* _Problem description_: Below are entries with pictures in them. Output exactly the lines starting at the line with "A young professional" and ending at the line with "Deburring Tool 3D-druk, metalen", both included, but not the pictures.

* _Records supplied_:
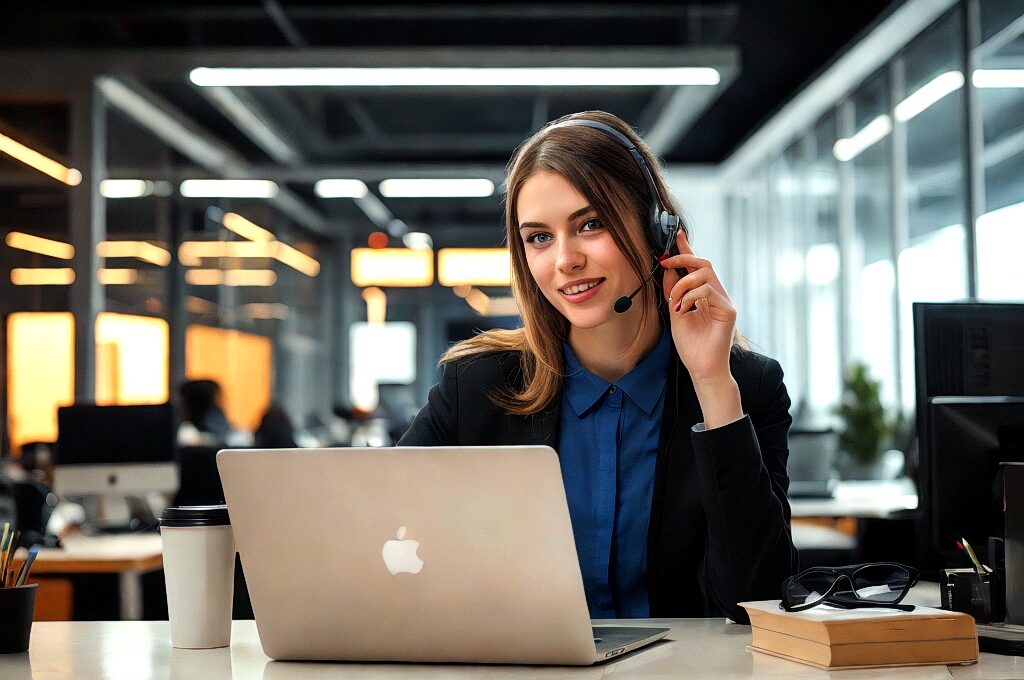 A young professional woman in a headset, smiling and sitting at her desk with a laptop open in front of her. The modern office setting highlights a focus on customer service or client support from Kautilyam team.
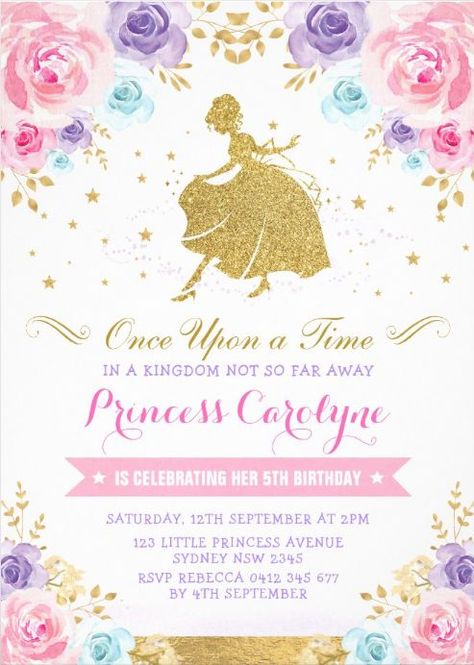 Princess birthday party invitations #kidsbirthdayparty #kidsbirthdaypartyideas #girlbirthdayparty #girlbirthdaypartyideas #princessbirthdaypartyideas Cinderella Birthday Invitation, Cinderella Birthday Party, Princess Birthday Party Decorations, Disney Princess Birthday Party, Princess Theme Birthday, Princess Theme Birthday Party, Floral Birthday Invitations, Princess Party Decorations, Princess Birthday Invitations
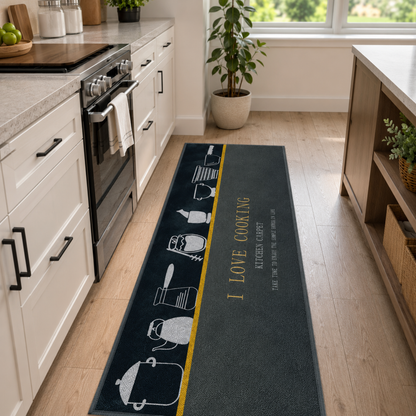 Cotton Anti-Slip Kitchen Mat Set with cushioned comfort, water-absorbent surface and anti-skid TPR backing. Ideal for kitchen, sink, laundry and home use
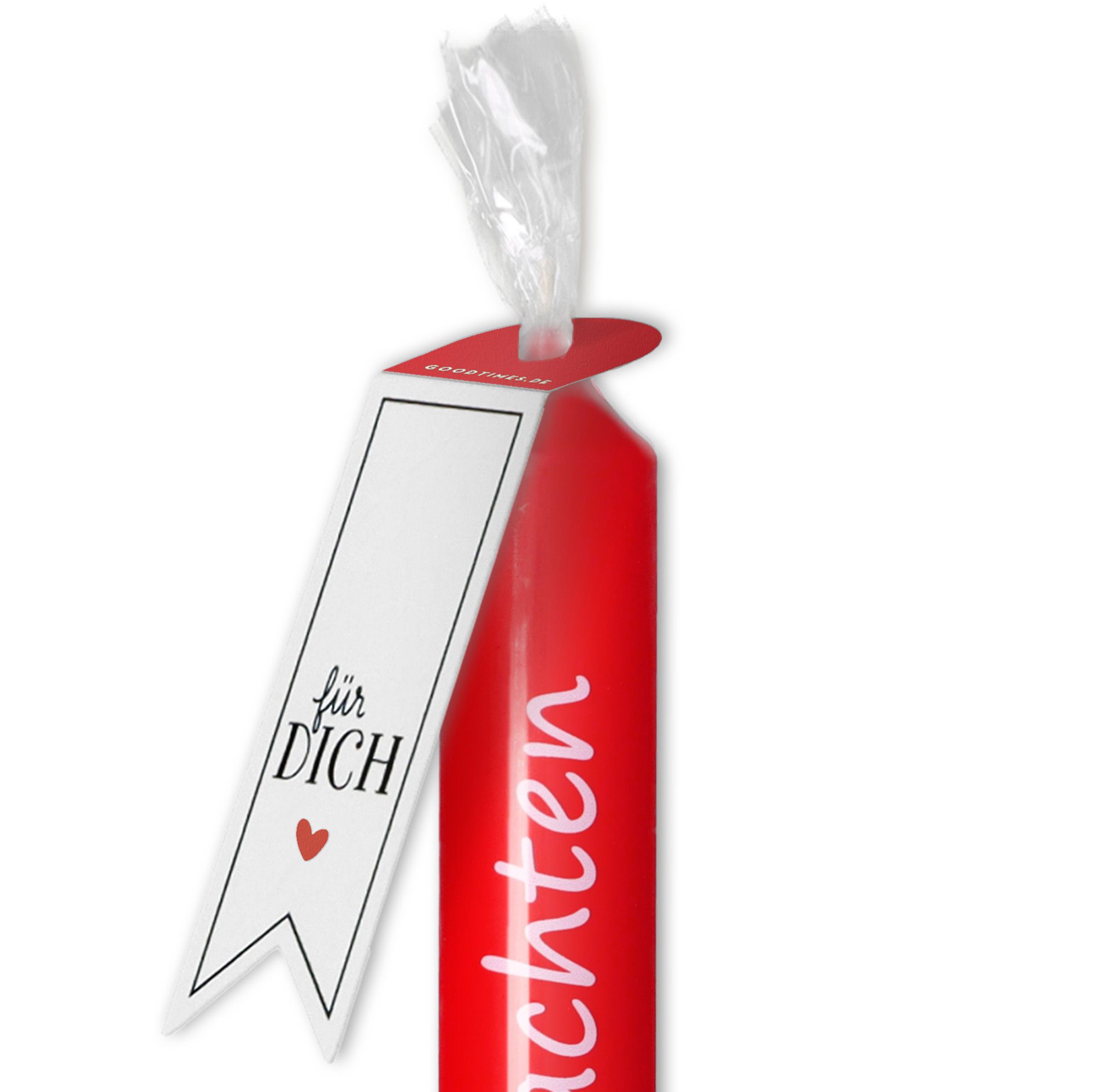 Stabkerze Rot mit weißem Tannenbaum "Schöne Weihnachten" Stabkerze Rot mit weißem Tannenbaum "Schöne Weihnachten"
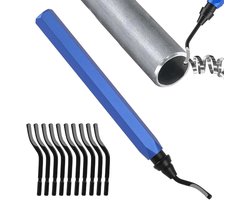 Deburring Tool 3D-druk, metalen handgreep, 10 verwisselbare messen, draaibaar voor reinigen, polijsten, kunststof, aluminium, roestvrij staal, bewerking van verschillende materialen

...

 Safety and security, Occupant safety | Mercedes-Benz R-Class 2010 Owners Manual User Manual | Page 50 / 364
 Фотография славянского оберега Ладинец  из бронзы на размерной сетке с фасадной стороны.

==

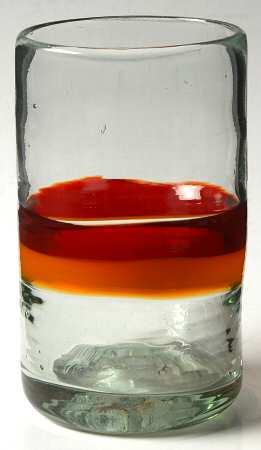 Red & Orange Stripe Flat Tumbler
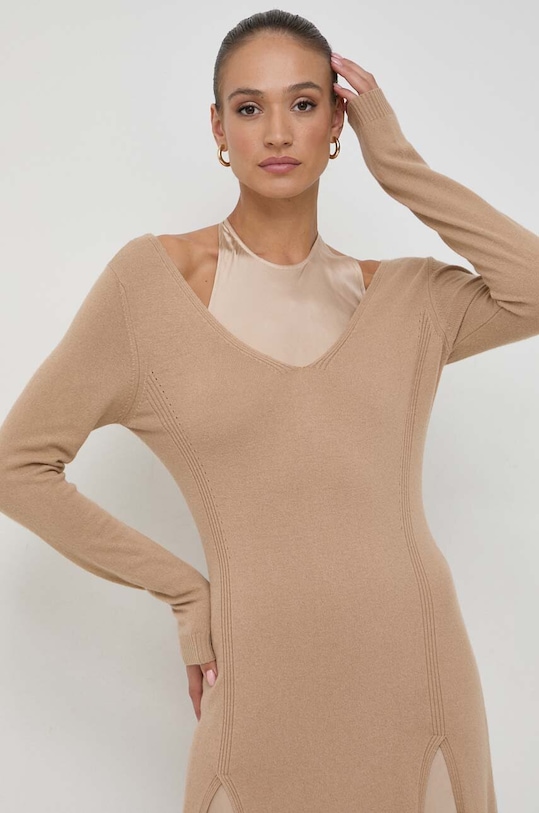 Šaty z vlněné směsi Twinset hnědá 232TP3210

* _Expected answer_:
 A young professional woman in a headset, smiling and sitting at her desk with a laptop open in front of her. The modern office setting highlights a focus on customer service or client support from Kautilyam team.
 Princess birthday party invitations #kidsbirthdayparty #kidsbirthdaypartyideas #girlbirthdayparty #girlbirthdaypartyideas #princessbirthdaypartyideas Cinderella Birthday Invitation, Cinderella Birthday Party, Princess Birthday Party Decorations, Disney Princess Birthday Party, Princess Theme Birthday, Princess Theme Birthday Party, Floral Birthday Invitations, Princess Party Decorations, Princess Birthday Invitations
 Cotton Anti-Slip Kitchen Mat Set with cushioned comfort, water-absorbent surface and anti-skid TPR backing. Ideal for kitchen, sink, laundry and home use
 Stabkerze Rot mit weißem Tannenbaum "Schöne Weihnachten" Stabkerze Rot mit weißem Tannenbaum "Schöne Weihnachten"
 Deburring Tool 3D-druk, metalen handgreep, 10 verwisselbare messen, draaibaar voor reinigen, polijsten, kunststof, aluminium, roestvrij staal, bewerking van verschillende materialen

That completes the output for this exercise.